Below are records that contain pictures; transcribe the text exactly and omit the pictures.

◆ Listed entries ◆
--- START ---

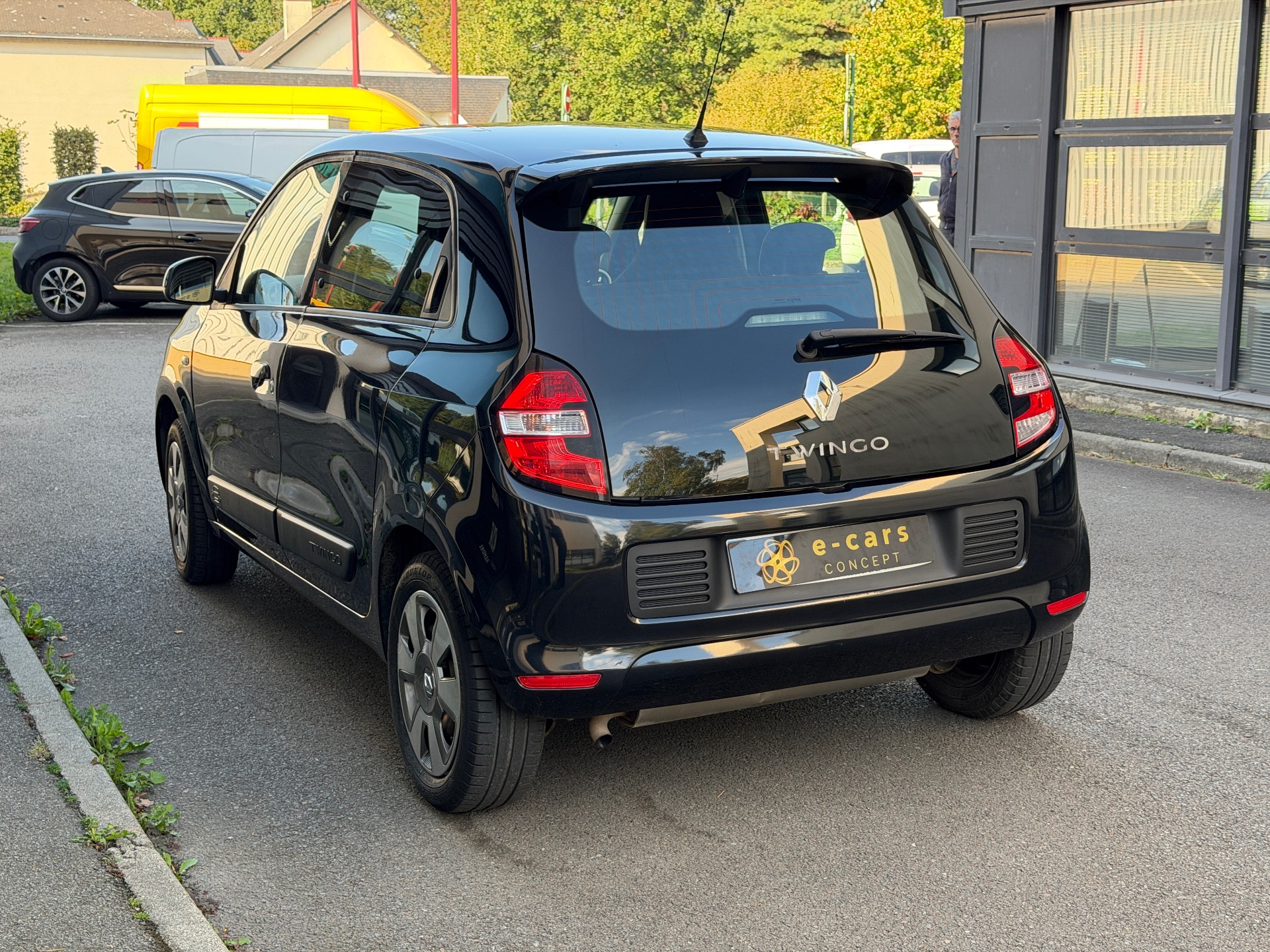 Renault Twingo 1.0 70ch “Zen”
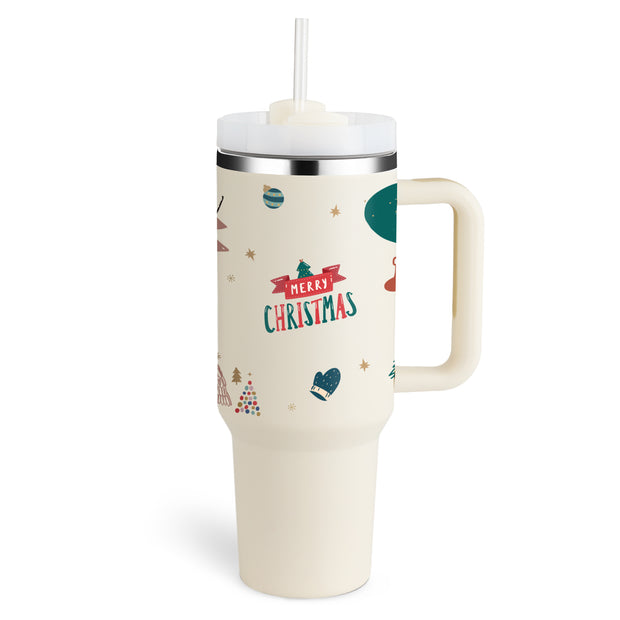 Christmas Tumbler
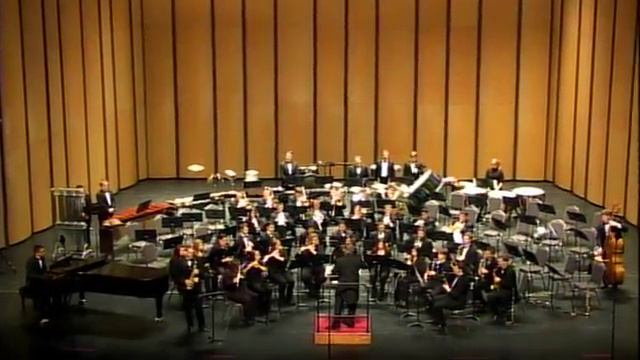 Claude T. Smith - Fantasia for Alto Saxophone || James Barger, Saxophone смотреть онлайн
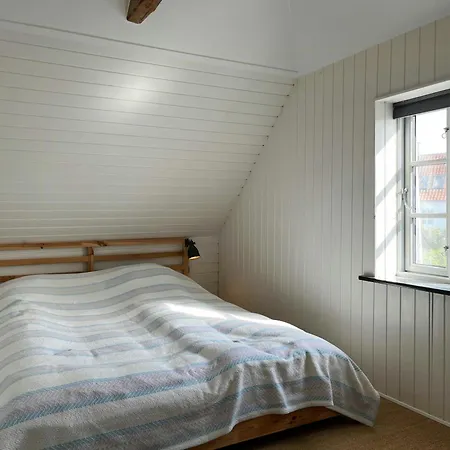 North Sea Atmosphere On The Farm In Klitmoller Torsted (Nordjylland)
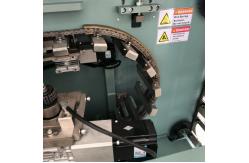 China High Speed Pocket Spring Making Machine Mattress Spring Machine 160 Springs / Min supplier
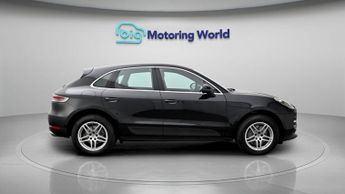 Porsche Macan S PDK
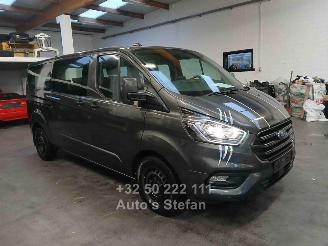  Ford Transit TOURNEO CUSTOM 2023/4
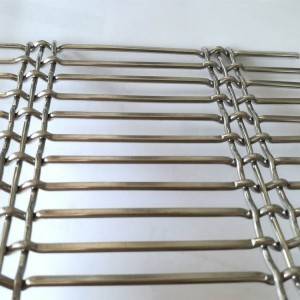 XY-3259 Custom Wire Metal Mesh for Interior Divider
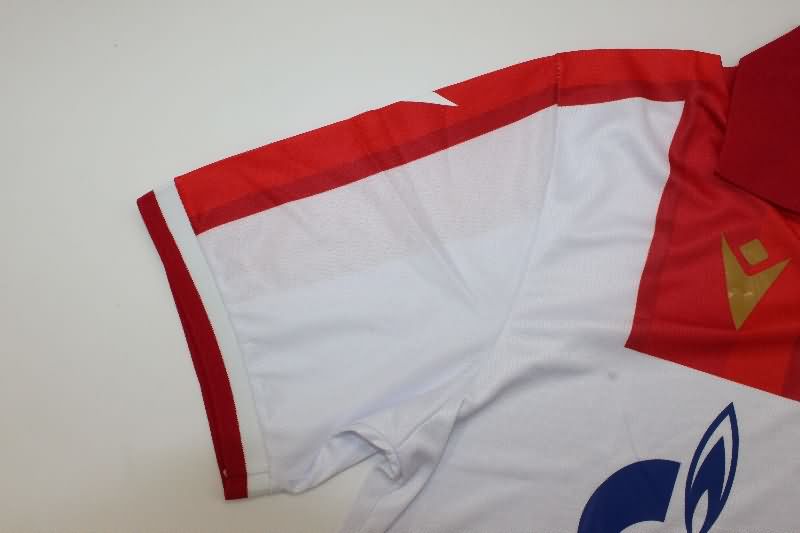 AAA(Thailand) Red Star Belgrade 25/26 Home Soccer Jersey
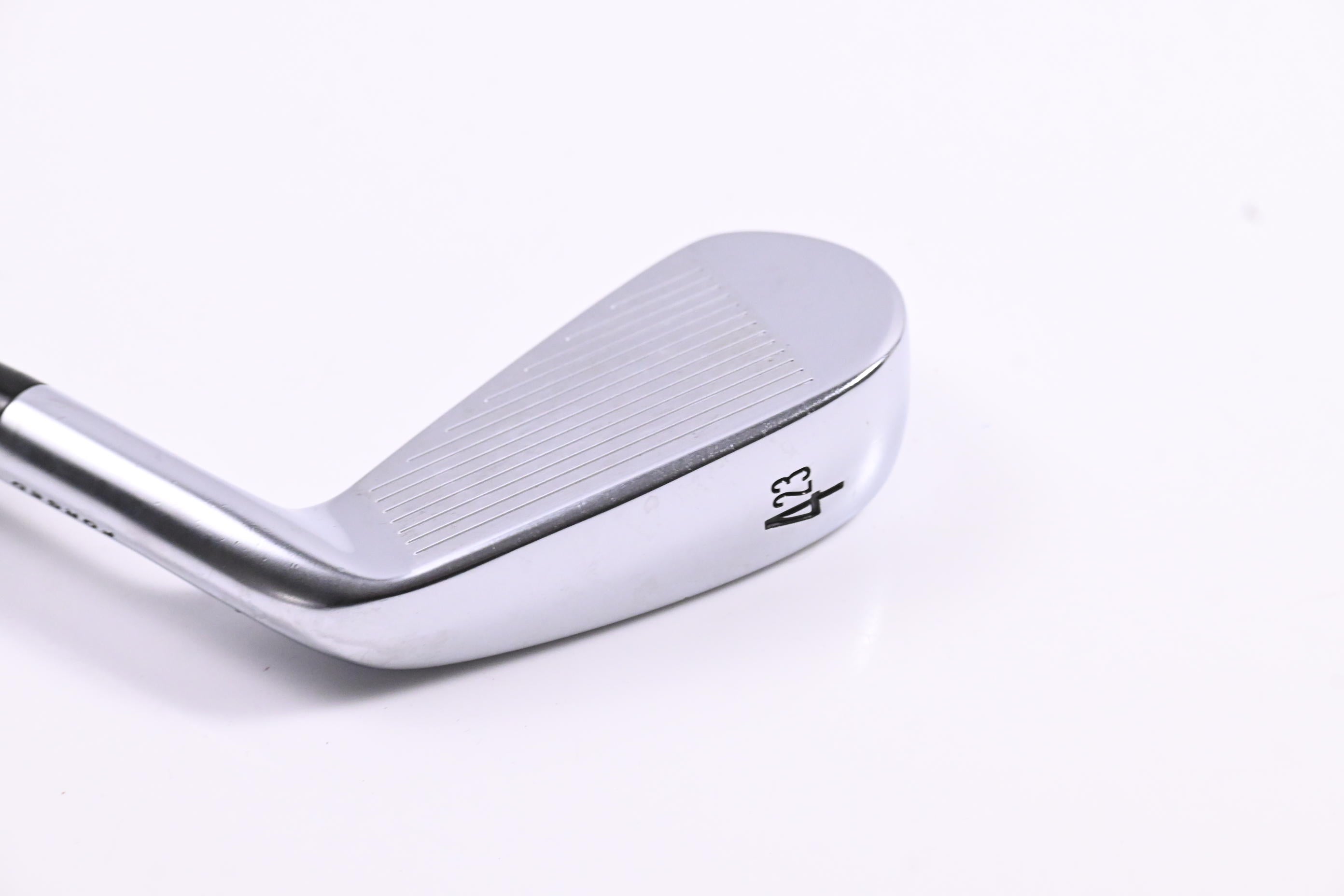 Left Hand Srixon ZX Utility #4 Iron / 23 Degree / X-Flex Recoil 95 Shaft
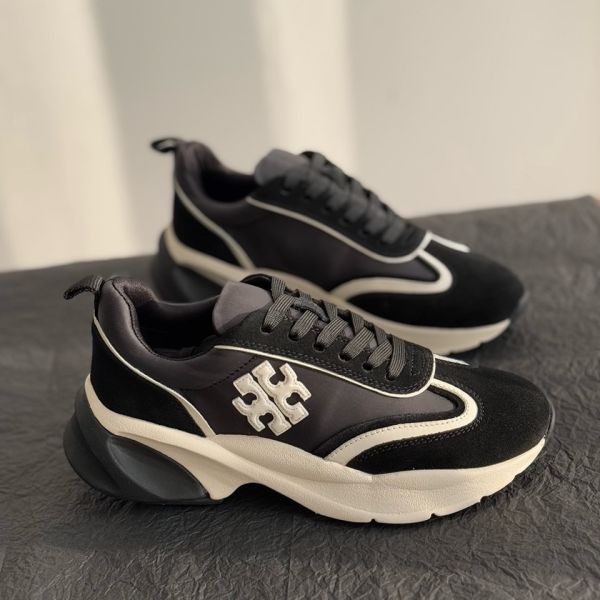 日本Tory Burch Vintage 皮質復古風女鞋 日本Tory Burch Vintage 皮質復古風女鞋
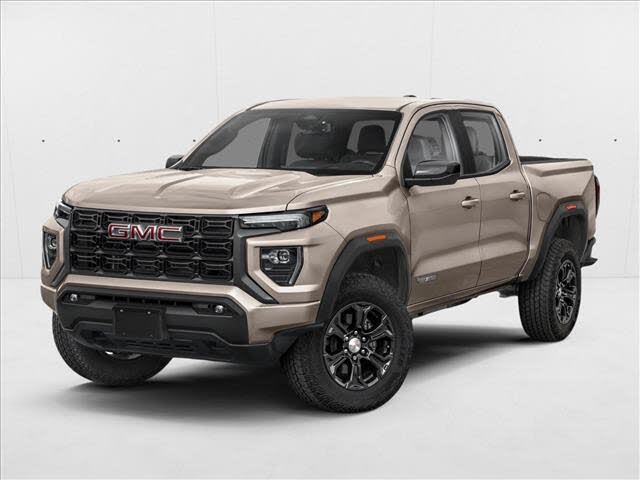 2026 GMC Canyon Elevation Crew Cab 4WD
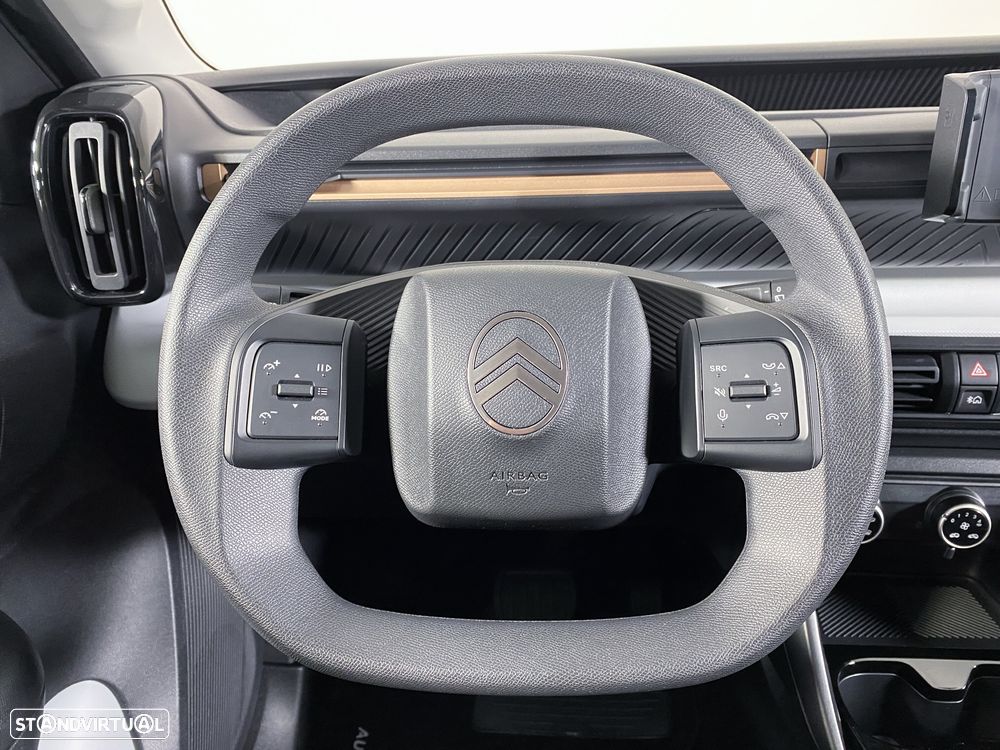 Citroën e-C3 Aircross YOU - 10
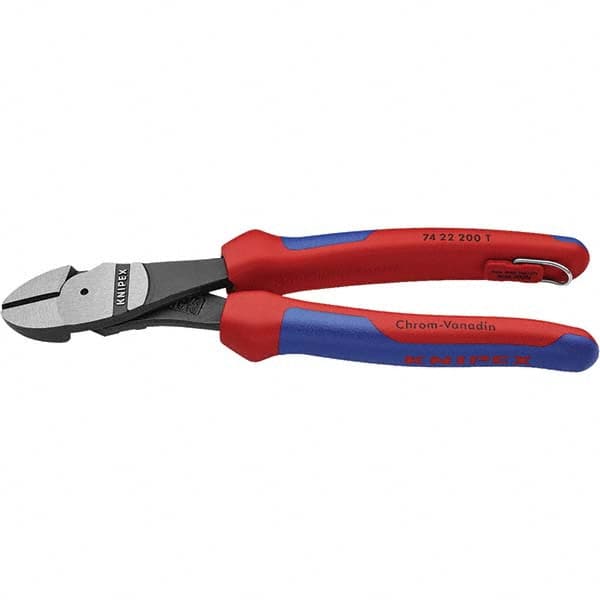 Knipex - Cutting Pliers Type: Diagonal Cutter Insulated: NonInsulated - Eagle Tool & Supply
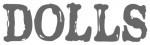 Mangas - Dolls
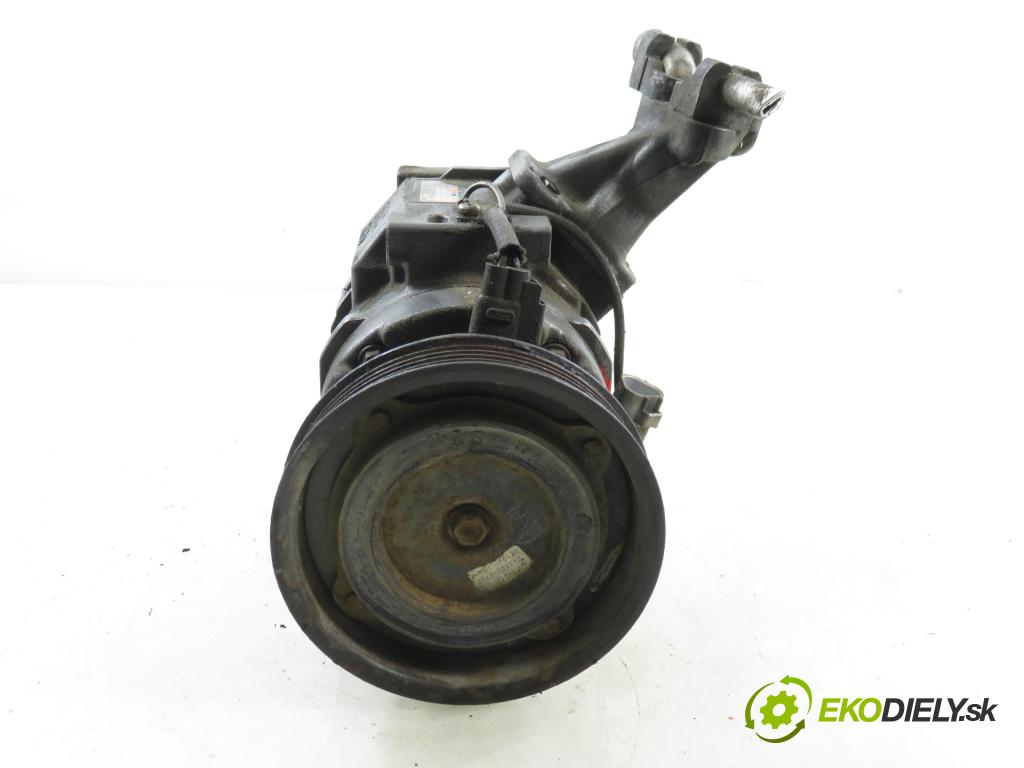 TOYOTA AVENSIS VERSO (_M2_) MINIVAN 2002 85,00 2.0 D (CLM20_) - 1CD-FTV 1995,00 KOMPRESOR: klimatizace 4472204223 (Kompresor klimatizace)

--- END ---

◆ Result ◆
 Renault Twingo 1.0 70ch “Zen”
 Christmas Tumbler
 Claude T. Smith - Fantasia for Alto Saxophone || James Barger, Saxophone смотреть онлайн
 North Sea Atmosphere On The Farm In Klitmoller Torsted (Nordjylland)
 China High Speed Pocket Spring Making Machine Mattress Spring Machine 160 Springs / Min supplier
 Porsche Macan S PDK
  Ford Transit TOURNEO CUSTOM 2023/4
 XY-3259 Custom Wire Metal Mesh for Interior Divider
 AAA(Thailand) Red Star Belgrade 25/26 Home Soccer Jersey
 Left Hand Srixon ZX Utility #4 Iron / 23 Degree / X-Flex Recoil 95 Shaft
 日本Tory Burch Vintage 皮質復古風女鞋 日本Tory Burch Vintage 皮質復古風女鞋
 2026 GMC Canyon Elevation Crew Cab 4WD
 Citroën e-C3 Aircross YOU - 10
 Knipex - Cutting Pliers Type: Diagonal Cutter Insulated: NonInsulated - Eagle Tool & Supply
 Mangas - Dolls
 TOYOTA AVENSIS VERSO (_M2_) MINIVAN 2002 85,00 2.0 D (CLM20_) - 1CD-FTV 1995,00 KOMPRESOR: klimatizace 4472204223 (Kompresor klimatizace)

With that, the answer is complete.